Leaving out the images, please reproduce each line below exactly.
**** Data to process
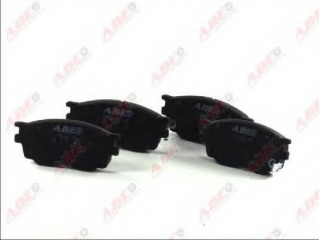 C13051ABE ABE - Тормозные колодки - Autoyamato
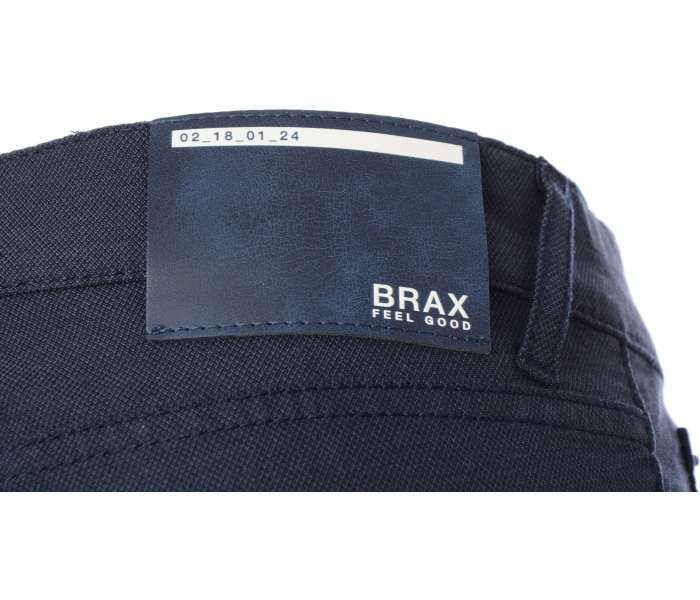 Kalhoty Brax Style Chuck pánské tmavě modré
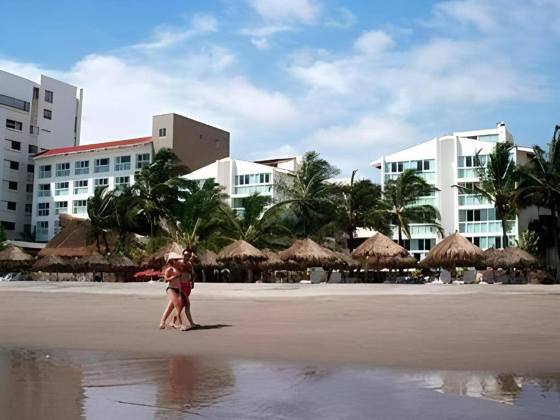 Hotel Villa Varadero: Exterior view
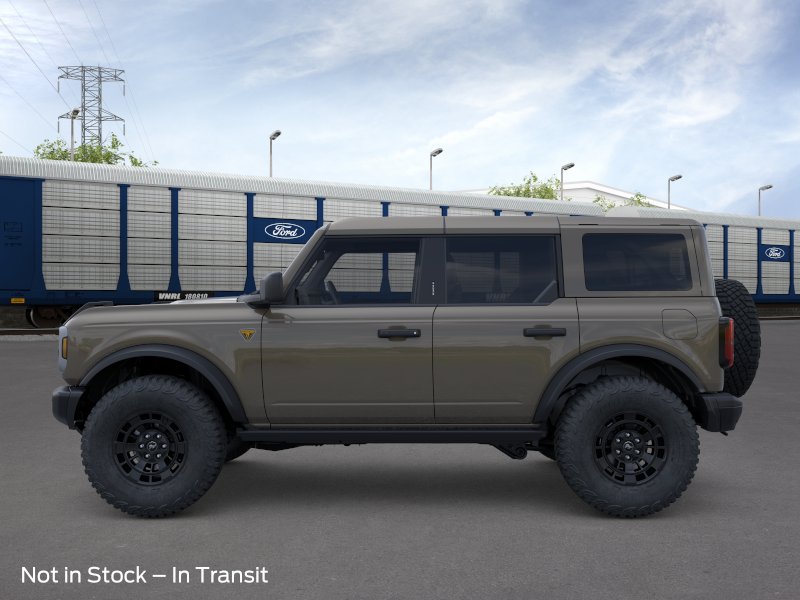 New 2026 Ford Bronco - photo 5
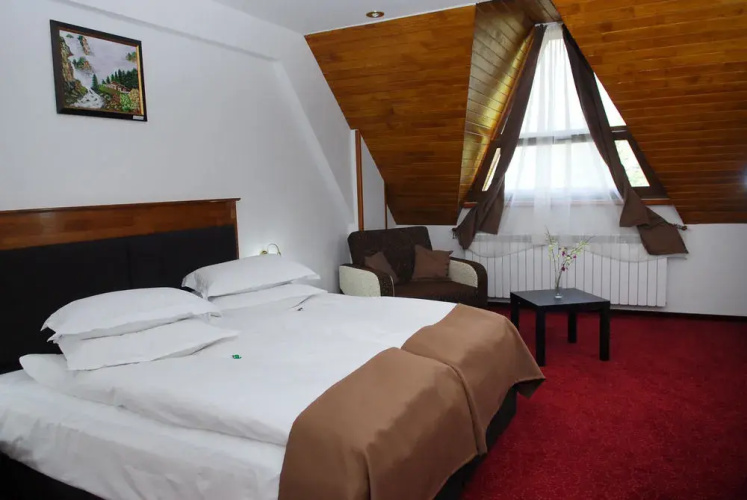 Cumpatu Sinaia Hotel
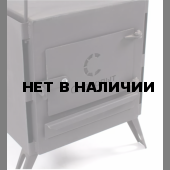 Печь дровяная Heavy большая СЛЕДОПЫТ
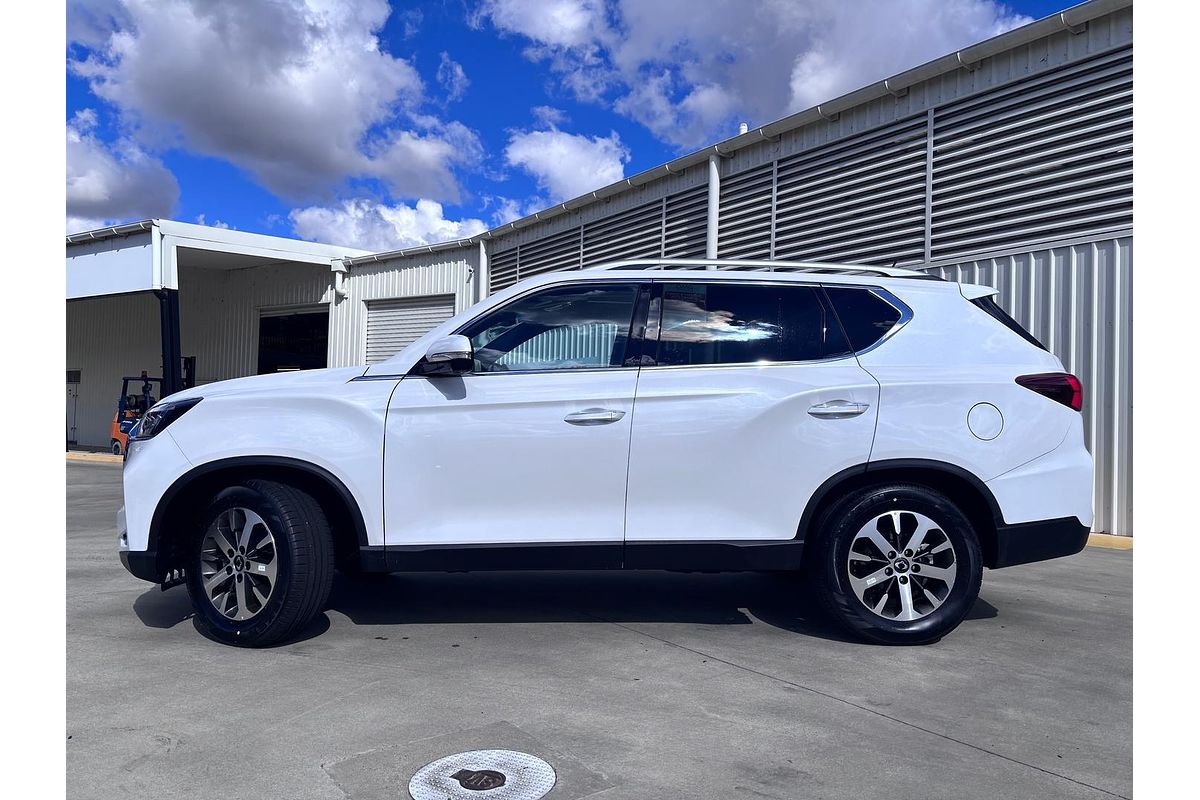 2023 SsangYong Rexton Ultimate Y461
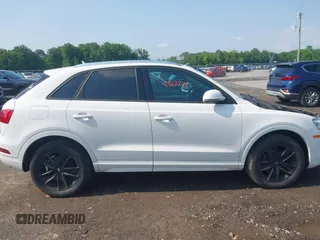 2017 Audi Q3 Premium z VIN WA1ECCFS7HR009402, wystawiony jako IAAI lot #42462248 z przebiegiem 46 536 mil mil oraz . Historia ofert i sprzedaży dostępna na DreamBid. Obrazek 13.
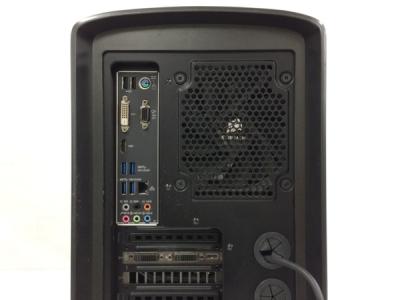 自作PC ASUS H97-PRO デスクトップ PC i7 4790K 4.0GHz 16 GB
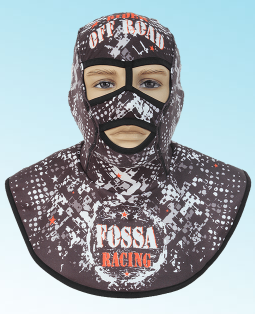 FOSSA - Зимний подшлемник для катания на квадроциклах FIRST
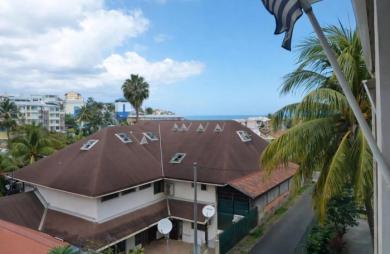 Vente Appartement 25.23m&sup2; 1 pièce Les Trois Ilets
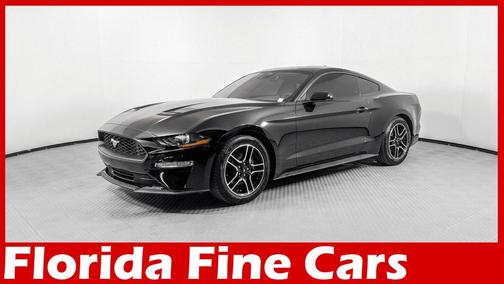2021 Ford Mustang EcoBoost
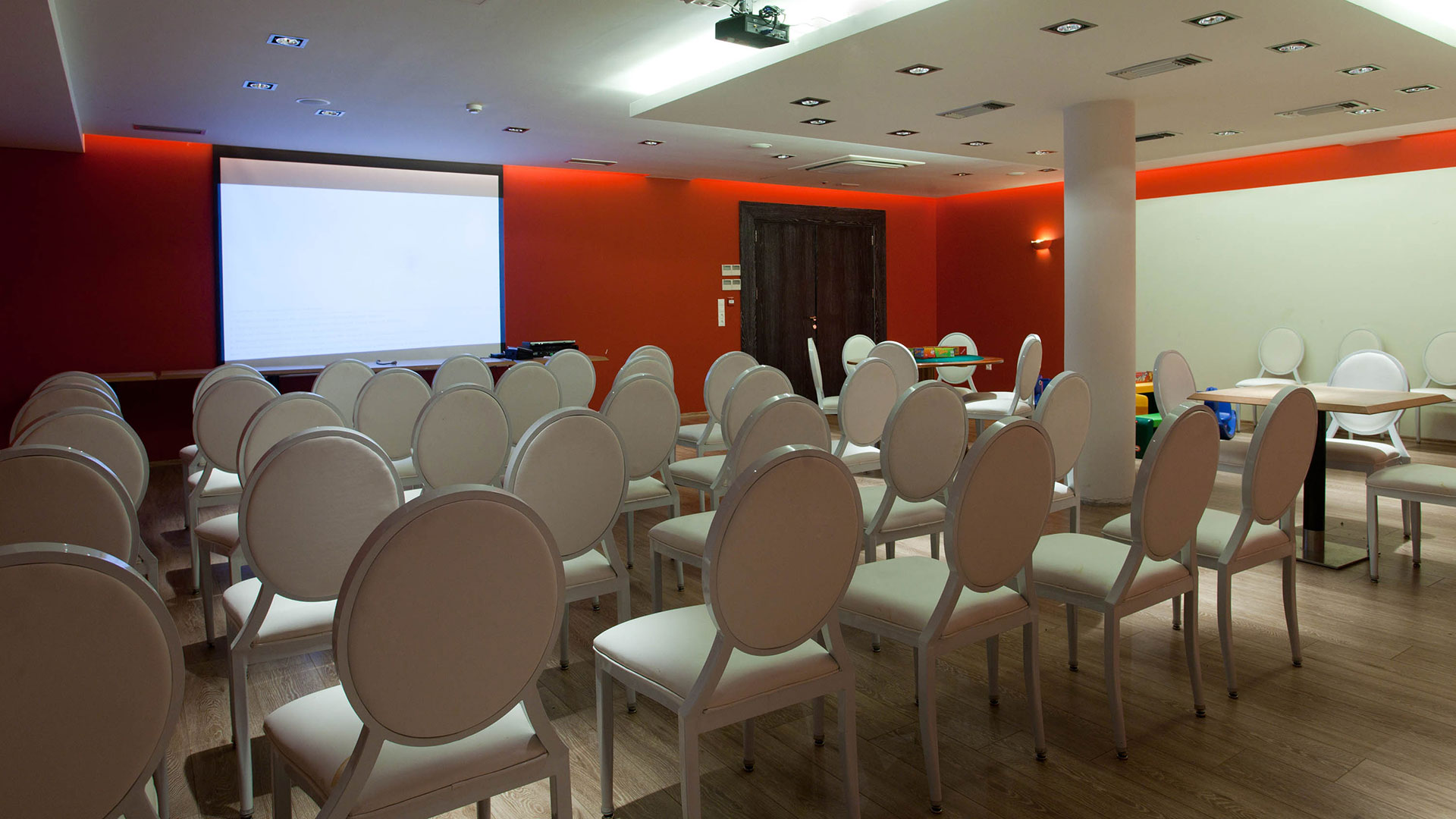 Conference & Congress Hall - Litohoro Olympus Resort Villas & Spa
********
*Result:*
 C13051ABE ABE - Тормозные колодки - Autoyamato
 Kalhoty Brax Style Chuck pánské tmavě modré
 Hotel Villa Varadero: Exterior view
 New 2026 Ford Bronco - photo 5
 Cumpatu Sinaia Hotel
 Печь дровяная Heavy большая СЛЕДОПЫТ
 2023 SsangYong Rexton Ultimate Y461
 2017 Audi Q3 Premium z VIN WA1ECCFS7HR009402, wystawiony jako IAAI lot #42462248 z przebiegiem 46 536 mil mil oraz . Historia ofert i sprzedaży dostępna na DreamBid. Obrazek 13.
 自作PC ASUS H97-PRO デスクトップ PC i7 4790K 4.0GHz 16 GB
 FOSSA - Зимний подшлемник для катания на квадроциклах FIRST
 Vente Appartement 25.23m&sup2; 1 pièce Les Trois Ilets
2021 Ford Mustang EcoBoost
 Conference & Congress Hall - Litohoro Olympus Resort Villas & Spa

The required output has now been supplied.